Si buta menggeleng-geleng kepala, menarik napas panjang.
”Aihh, kiranya kau benar-benar sakit! Dua macam penyakit mencengkerammu, sahabat. Yang satu adalah penyakit akibat luka dalam di tubuhmu, didalam tubuhmu sudah kemasukan hawa beracun yang menimbulkan rasa gatal pada kerongkonganmu dan sewaktu-waktu, apalagi kalau kau marah-marah seperti sekarang ini, timbul rasa sesak didalam dada sebelah kanan. Penyakit pertama ini tidak hebat, paling-paling merenggut nyawa dari tubuh, akan tetapi penyakitmu yang kedua lebih payah lagi karena merupakan penyakit jiwa yang membuat kau tidak menaruh kasihan kepada orang lain, membuat kau kejam dan suka mempergunakan kekerasan untuk mengganggu orang lain.”
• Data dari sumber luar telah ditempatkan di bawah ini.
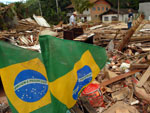 Residncia completamente destruda no bairro Velha Pequena, em Blumenau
“Tutup mulutmu dan serahkan bungkusan-bungkusan itu!”
Si muka hitam bergerak maju dan menyambar bungkusan pakaian. Akan tetapi dia tidak berhasil merampas bungkusan obat yang dipeluk erat-erat oleh si buta.
“Ambillah………..! Ambillah bungkusan pakaianku. Aku tidak gila pakaian seperti engkau. Tapi bungkusan obat ini tak boleh kau ambil, aku sendiri tidak membutuhkan, akan tetapi orang-orang lain yang sakit akan membutuhkannya.”
Ia sudah berdiri sekarang, bungkusan obat itu dia sampirkan di pundak, tongkat dipegang di tangan kiri. Si muka hitam ragu-ragu, tidak jadi merampas bungkusan obat, tapi juga tidak segera pergi dari situ. Dia memandang tajam lalu, bertanya dengan suara kasar,
“Heh, buta, bagaimana kau bisa tahu bahwa aku menderita luka dalam?”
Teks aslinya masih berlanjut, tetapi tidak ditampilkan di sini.